## PROVIDED INFORMATION
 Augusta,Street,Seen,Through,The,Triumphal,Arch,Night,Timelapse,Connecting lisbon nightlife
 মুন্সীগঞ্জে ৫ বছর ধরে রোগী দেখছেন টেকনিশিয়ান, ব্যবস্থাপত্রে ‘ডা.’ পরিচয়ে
---
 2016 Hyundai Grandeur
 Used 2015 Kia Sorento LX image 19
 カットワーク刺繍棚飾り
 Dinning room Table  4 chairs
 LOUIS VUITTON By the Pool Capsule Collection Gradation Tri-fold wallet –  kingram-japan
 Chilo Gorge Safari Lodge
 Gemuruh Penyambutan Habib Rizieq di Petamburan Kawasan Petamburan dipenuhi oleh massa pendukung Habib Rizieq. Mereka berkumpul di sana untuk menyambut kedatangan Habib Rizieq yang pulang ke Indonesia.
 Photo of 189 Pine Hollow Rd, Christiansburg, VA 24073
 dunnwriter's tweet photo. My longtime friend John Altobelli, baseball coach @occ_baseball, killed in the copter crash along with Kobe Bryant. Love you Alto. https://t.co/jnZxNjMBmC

## EXERCISE REQUIREMENTS
Copy out the range of lines above starting at the line with "LOUIS VUITTON By" and ending at the line with "dunnwriter's tweet photo.", exactly and including both.

## YOUR RESPONSE
 LOUIS VUITTON By the Pool Capsule Collection Gradation Tri-fold wallet –  kingram-japan
 Chilo Gorge Safari Lodge
 Gemuruh Penyambutan Habib Rizieq di Petamburan Kawasan Petamburan dipenuhi oleh massa pendukung Habib Rizieq. Mereka berkumpul di sana untuk menyambut kedatangan Habib Rizieq yang pulang ke Indonesia.
 Photo of 189 Pine Hollow Rd, Christiansburg, VA 24073
 dunnwriter's tweet photo. My longtime friend John Altobelli, baseball coach @occ_baseball, killed in the copter crash along with Kobe Bryant. Love you Alto. https://t.co/jnZxNjMBmC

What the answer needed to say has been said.